* [RFC] Tracer Ring Buffer splice() vs page cache [was: Re: Perf and ftrace [was Re: PyTimechart]]
@ 2010-05-14 18:32 Mathieu Desnoyers
2010-05-14 18:49 ` Peter Zijlstra
0 siblings, 1 reply; 7+ messages in thread
From: Mathieu Desnoyers @ 2010-05-14 18:32 UTC (permalink / raw)
To: Peter Zijlstra
Cc: Steven Rostedt, Frederic Weisbecker, Pierre Tardy, Ingo Molnar,
Arnaldo Carvalho de Melo, Tom Zanussi, Paul Mackerras,
linux-kernel, arjan, ziga.mahkovec, davem, linux-mm,
Andrew Morton, KOSAKI Motohiro, Christoph Lameter, Tejun Heo
* Peter Zijlstra (peterz@infradead.org) wrote:
> On Thu, 2010-05-13 at 12:31 -0400, Mathieu Desnoyers wrote:
> >
> > In addition, this would play well with mmap() too: we can simply add a
> > ring_buffer_get_mmap_offset() method to the backend (exported through another
> > ioctl) that would let user-space know the start of the mmap'd buffer range
> > currently owned by the reader. So we can inform user-space of the currently
> > owned page range without even changing the underlying memory map.
>
> I still think keeping refs to splice pages is tricky at best. Suppose
> they're spliced into the pagecache of a file, it could stay there for a
> long time under some conditions.
>
> Also, the splice-client (say the pagecache) and the mmap will both want
> the pageframe to contain different information.

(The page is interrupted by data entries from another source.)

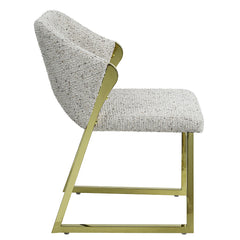 ACME Galdesa Side Chair Set of 2 – detail – Lusso Furniture Miami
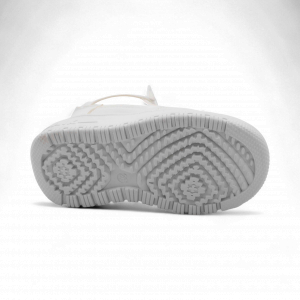 Кроссовки зимние на меху В7186-18 белые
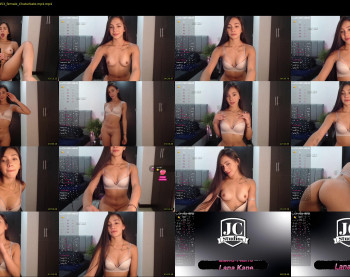 lana_kane_ — 55 minute Chaturbate female cam show recording, 1080p, Feb 8, 2023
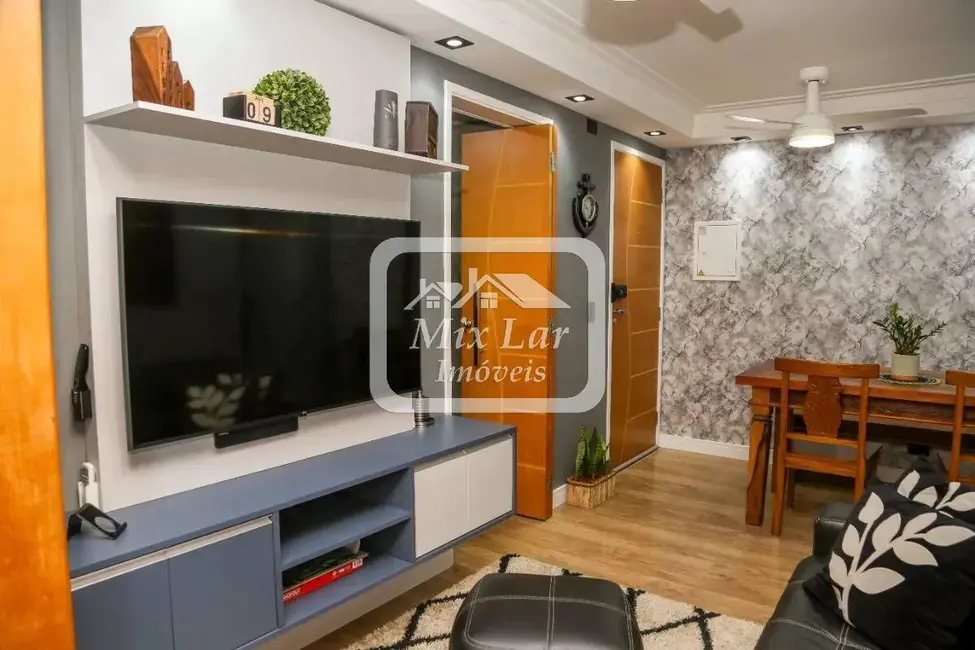 Foto 1 de Apartamento com 3 quartos à venda, 58m2 em Novo Osasco, Osasco - SP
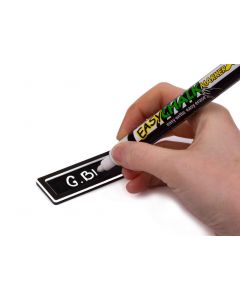 Kreidetafel Namensschild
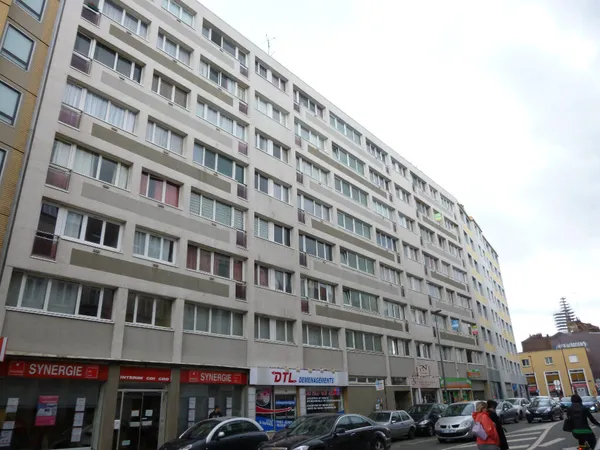 Parking Lille centre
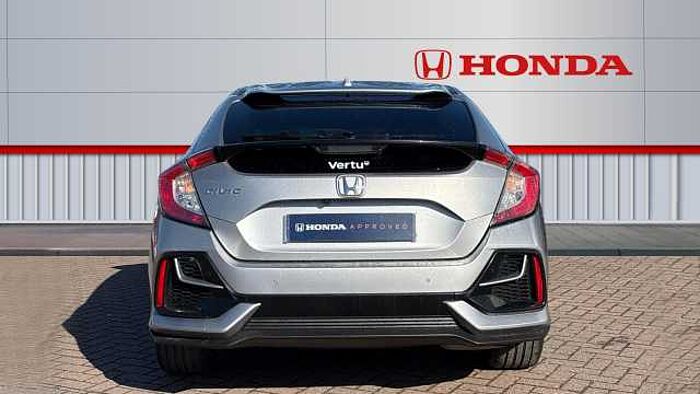 Honda Civic 1.0 VTEC Turbo 126 EX 5dr Petrol Hatchback 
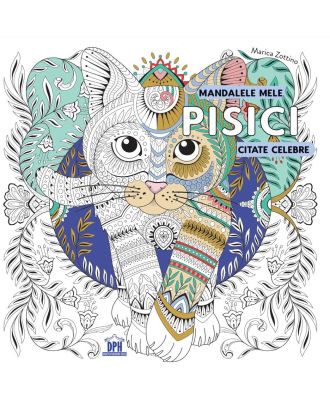 Mandalele mele. Pisici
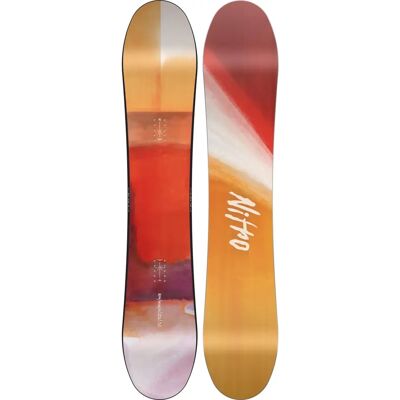 Nitro Snowboard Santoku - Snowboard Nitro Snowboard Santoku - Snowboard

[CCing memory management specialists]
You bring a very interesting point. Let me describe what I want to achieve, and
see what others have to say about it:
I want the ring buffer to allocate pages only at ring buffer creation (never
while tracing). There are a few reasons why I want to do that, ranging from
improved performance to limited system disturbance.

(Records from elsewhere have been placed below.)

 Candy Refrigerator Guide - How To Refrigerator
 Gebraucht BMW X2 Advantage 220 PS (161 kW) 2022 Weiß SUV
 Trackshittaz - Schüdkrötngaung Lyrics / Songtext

Now let suppose we have the synchronization mechanism (detailed in the original
thread, but not relevant to this part of the discussion) that lets us give the
pages to the ring buffer "reader", which sends them to splice() so it can use
them as write buffers. Let also suppose that the ring buffer reader blocks until
the pages are written to the disk (synchronous write). In my scheme, the reader
still has pointers to these pages.
The point you bring here is that when the ring buffer "reader" is woken up,
these pages could still be in the page cache. So when the reader gives these
pages back to the ring buffer (so they can be used for writing again), the page
cache may still hold a reference to them, so the pages in the page cache and the
version on disk could be unsynchronized, and therefore this could possibly lead
to trace file corruption (in the worse case).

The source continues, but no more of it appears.